### Exercise requirements:
Every line of the data should be written out exactly, with the pictures left out.

### Provided material:
⟨
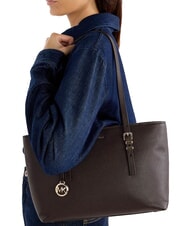 MICHAEL KORS QUINN Geantă de cumpărături medie din piele ciocolată - Genți femei - 2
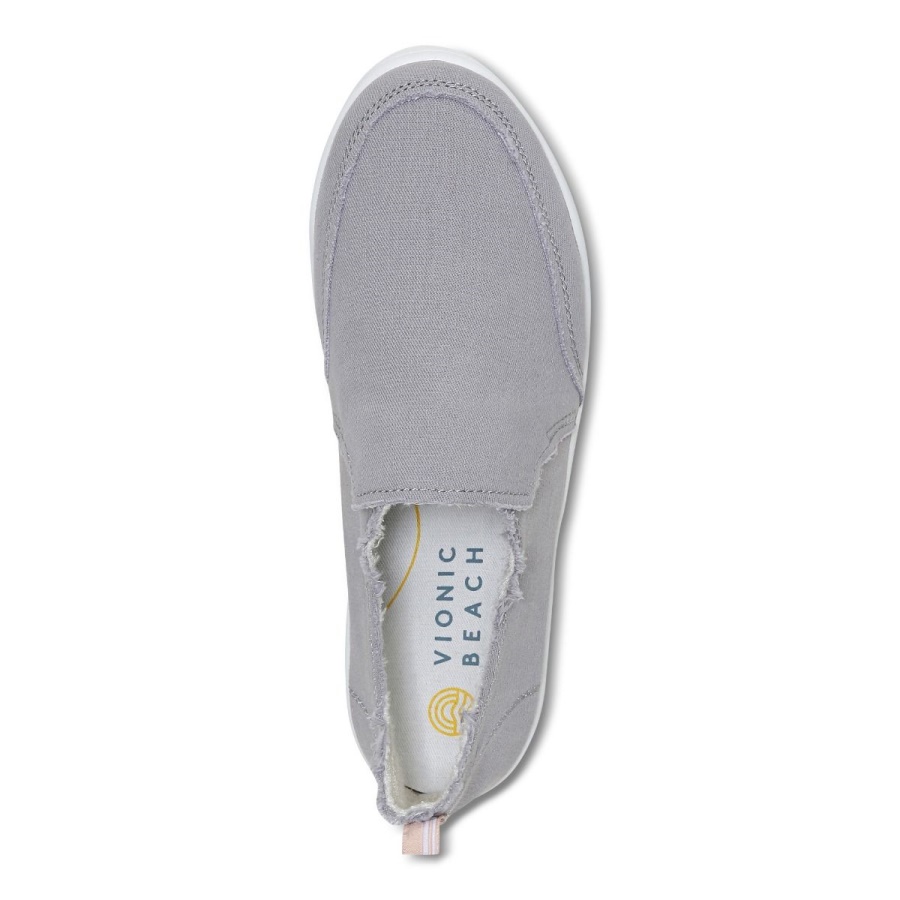 Beach Malibu Slip on Sneaker Canvas Vionic Light Grey Canvas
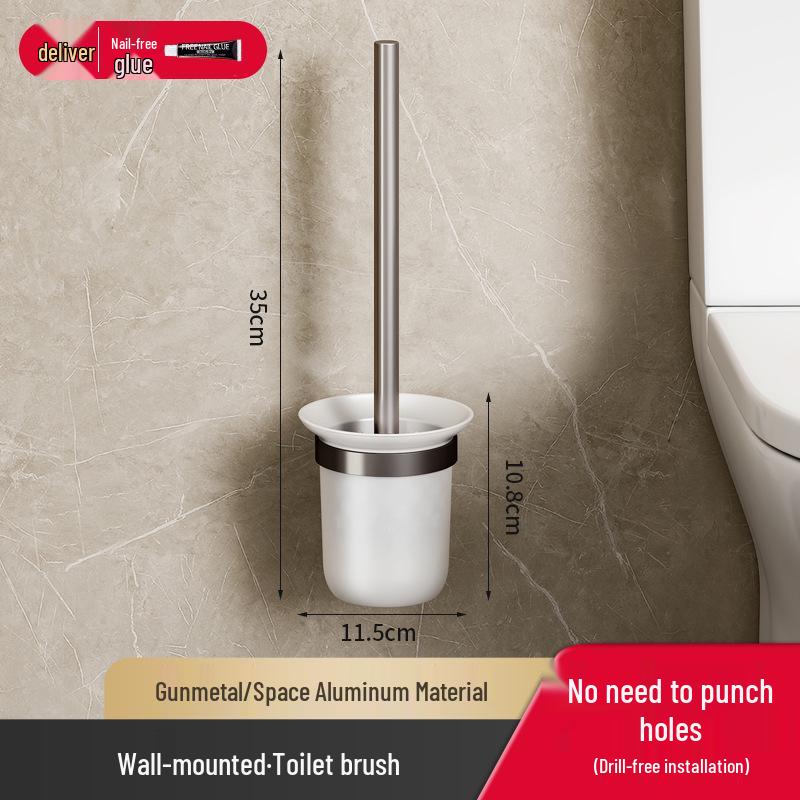 Gun Gray Punch-Free Space Aluminum Wall-Mounted Bathroom Towel Rack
⟩
### Written response:
 MICHAEL KORS QUINN Geantă de cumpărături medie din piele ciocolată - Genți femei - 2
 Beach Malibu Slip on Sneaker Canvas Vionic Light Grey Canvas
 Gun Gray Punch-Free Space Aluminum Wall-Mounted Bathroom Towel Rack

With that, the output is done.